Netflix is preparing a major rethink of its mobile app, and yes, it’s headed straight into TikTok territory. Executives signaled on the latest earnings call that a redesigned interface will debut later in 2026, emphasizing vertical video, rapid discovery, and a tighter loop between clips and full-length viewing. The move reflects a broader competitive reality: Netflix isn’t just battling streamers anymore, it’s fighting for the same minutes that Instagram and TikTok dominate.
What Will Actually Look Different in the App
Expect the home experience to lean into a vertically scrolling feed of snackable clips sourced from shows, films, live programs, and new content types. Tap a clip to jump directly into the episode or movie, save it for later, or keep swiping to sample more. Think of it as “micro-trailers” with intent: faster previews, clearer calls to action, and fewer taps between interest and play.

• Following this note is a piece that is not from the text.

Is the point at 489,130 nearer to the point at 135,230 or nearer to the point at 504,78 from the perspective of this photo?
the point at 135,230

Netflix has already reworked its TV interface to streamline tiles, improve readability, and push more relevant recommendations. The company says mobile will follow the same philosophy: a base design that can be continuously A/B tested and iterated. Expect prominent audio controls, smarter captions for silent browsing, and adaptive layouts that surface different modules—downloads, continue watching, or live events—depending on your behavior.

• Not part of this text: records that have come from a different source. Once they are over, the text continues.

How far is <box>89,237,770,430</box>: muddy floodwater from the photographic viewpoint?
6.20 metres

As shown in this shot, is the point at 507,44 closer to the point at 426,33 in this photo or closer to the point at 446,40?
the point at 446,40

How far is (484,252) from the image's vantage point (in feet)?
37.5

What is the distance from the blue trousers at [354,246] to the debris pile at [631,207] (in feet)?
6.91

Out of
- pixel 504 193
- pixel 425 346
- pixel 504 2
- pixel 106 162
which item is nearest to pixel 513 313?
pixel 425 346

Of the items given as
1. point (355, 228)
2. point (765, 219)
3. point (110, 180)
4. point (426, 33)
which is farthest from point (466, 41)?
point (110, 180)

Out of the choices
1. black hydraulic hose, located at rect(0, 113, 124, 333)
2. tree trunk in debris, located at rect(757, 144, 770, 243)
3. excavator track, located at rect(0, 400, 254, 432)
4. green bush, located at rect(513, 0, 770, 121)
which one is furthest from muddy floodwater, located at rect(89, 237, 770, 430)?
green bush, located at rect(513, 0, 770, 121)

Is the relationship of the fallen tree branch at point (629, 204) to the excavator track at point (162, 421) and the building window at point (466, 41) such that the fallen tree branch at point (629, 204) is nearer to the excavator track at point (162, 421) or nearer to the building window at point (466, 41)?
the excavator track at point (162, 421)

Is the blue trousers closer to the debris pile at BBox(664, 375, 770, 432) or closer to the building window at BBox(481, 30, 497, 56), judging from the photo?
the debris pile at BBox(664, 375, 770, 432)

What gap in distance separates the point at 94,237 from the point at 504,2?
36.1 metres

Under the hood, the redesign likely leans on dynamic previews and on-device caching to keep swipes instant, while the recommender system blends your watch history with scene-level metadata (characters, tone, pacing) to queue clips that feel personal rather than generic.

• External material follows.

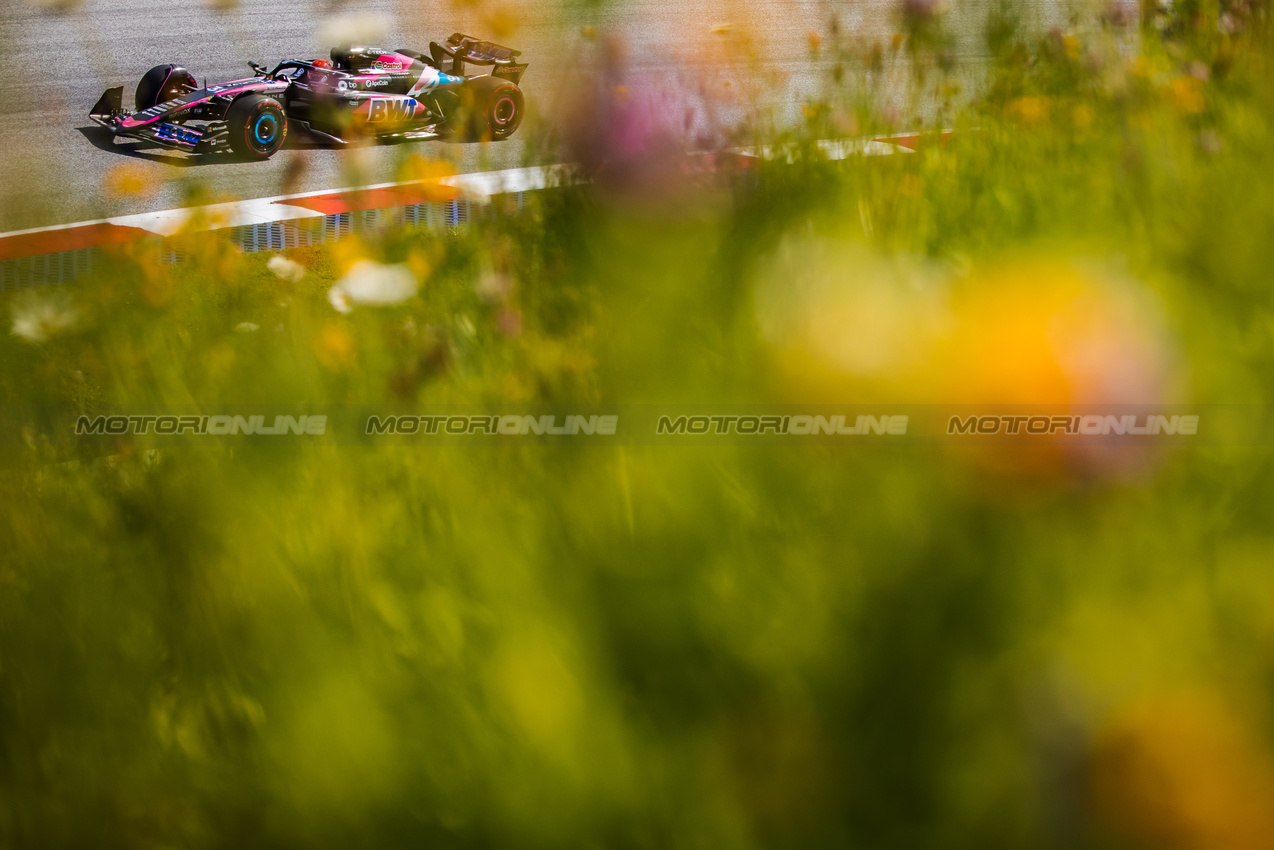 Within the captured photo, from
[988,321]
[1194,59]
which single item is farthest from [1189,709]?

Why the Shift to Vertical Video Is Happening Now
Time spent has migrated to short-form feeds on mobile, and Netflix wants a piece of that attention. Data.ai has reported sustained growth in time spent within short-form video apps globally, and Nielsen’s The Gauge has repeatedly shown streaming as the dominant share of TV usage in the U.S. The implication: audiences are primed to discover long-form stories via short, mobile-first moments.
Netflix leadership has also started naming social platforms as direct competitors. On the latest investor call, executives pointed to Instagram’s pull on viewers, underscoring that “TV” is now a format-agnostic fight across phones, connected TVs, and everything in between. A vertical feed gives Netflix a familiar on-ramp—especially for users who open apps for a quick scroll rather than a 45-minute episode.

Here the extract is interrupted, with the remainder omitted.